(Caption-style text data)
-=-=-=-=-

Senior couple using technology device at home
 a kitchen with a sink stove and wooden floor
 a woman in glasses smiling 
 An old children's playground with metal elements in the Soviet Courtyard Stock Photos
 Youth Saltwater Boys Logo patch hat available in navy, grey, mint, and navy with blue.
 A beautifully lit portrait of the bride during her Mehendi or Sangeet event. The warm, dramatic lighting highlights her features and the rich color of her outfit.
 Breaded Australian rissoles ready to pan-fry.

-=-=-=-=-

**ASSIGNED TASK**. Return all lines above that mention the word "with".

**EXERCISE OUTPUT**.
 a kitchen with a sink stove and wooden floor
 An old children's playground with metal elements in the Soviet Courtyard Stock Photos
 Youth Saltwater Boys Logo patch hat available in navy, grey, mint, and navy with blue.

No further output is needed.